Journal of
Engineering and Technology Research

  • Abbreviation: J. Eng. Technol. Res.
  • Language: English
  • ISSN: 2006-9790
  • DOI: 10.5897/JETR
  • Start Year: 2009
  • Published Articles: 181

Full Length Research Paper

An improved frequency based agglomerative clustering algorithm for detecting distinct clusters on two dimensional dataset

Madheswaran M.
  • Madheswaran M.
  • Department of Electronics and Communication Engineering (ECE), Mahendra Engineering College, Mallasamudram-637503, Tamilnadu, India.
  • Google Scholar
Sreedhar Kumar S.
  • Sreedhar Kumar S.
  • Department of Computer Science and Engineering (CSE), KS School of Engineering and Management, Bangalore-560062, India.
  • Google Scholar


  •  Received: 12 July 2017
  •  Accepted: 11 October 2017
  •  Published: 31 December 2017

 ABSTRACT

In this study, a frequency based Dynamic Automatic Agglomerative Clustering (DAAC) is developed and presented.
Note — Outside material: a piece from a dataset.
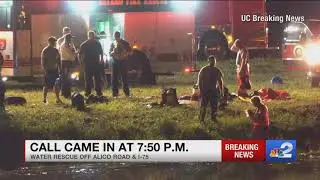 Dive teams respond to pickup truck in pond near I-75 and Alico Road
The DAAC scheme aims to automatically identify the appropriate number of divergent clusters over the two dimensional dataset based on count of distinct representative objects with higher intra thickness and lesser intra separation. The Distinct Representative Object Count (DROC) is introduced to automatically trace the count of distinct representative objects based on frequency of object occurrences. It also identifies the distinct number of highly comparative clusters based on the count of distinct representative objects through sequence of merging process. Experimental result shows that the DAAC is suitable for instinctively identifying the K distinct clusters over the different two dimensional datasets with higher intra thickness and lesser intra separation than existing techniques.
 
Key words: Dynamic automatic agglomerative clustering, clusters, intra thickness, intra separation, distinct representative object count.


 INTRODUCTION

Agglomerative hierarchical clustering is an unsupervised clustering technique to cluster the dataset into a hierarchical tree structure form through a sequence of merging based on similarity metrics (Han and Kamber, 2006). In recent years, this clustering approach is applied to Machine Learning, Pattern Recognition, Data Mining, Text Mining, Spatial Data Base Application, Web Application, Dig Data, Image Analysis, Information Retrieval and Bioinformatics (Douglass et al., 1992; Martin et al., 2000; Cadez et al., 2001; Fogs et al., 2001). In general, the agglomerative hierarchical clustering scheme is classified into divisive and agglomerative categories (Pakhira, 2009; Jain, 2010; Jain et al., 1999; Frigui and Krishnapuram, 1997). The divisive method continuously divides the dataset into smaller clusters until each cluster consists of a single object.
 
The agglomerative technique starts with  clusters, each containing exactly one data object. Afterward, it follows a series of merging operations that ultimately forces all clusters into the same single cluster. The limitation in the existing agglomerative clustering techniques is the identification of the predetermined number of distinct clusters over the large dataset and the entire result quality is based on the number of clusters which is predetermined by user. In this paper, a Dynamic Automatic Agglomerative Clustering (DAAC) is proposed to automatically identify appropriate number of discrete clusters in the two dimensional dataset based on count of distinct representative objects in the dataset without user input.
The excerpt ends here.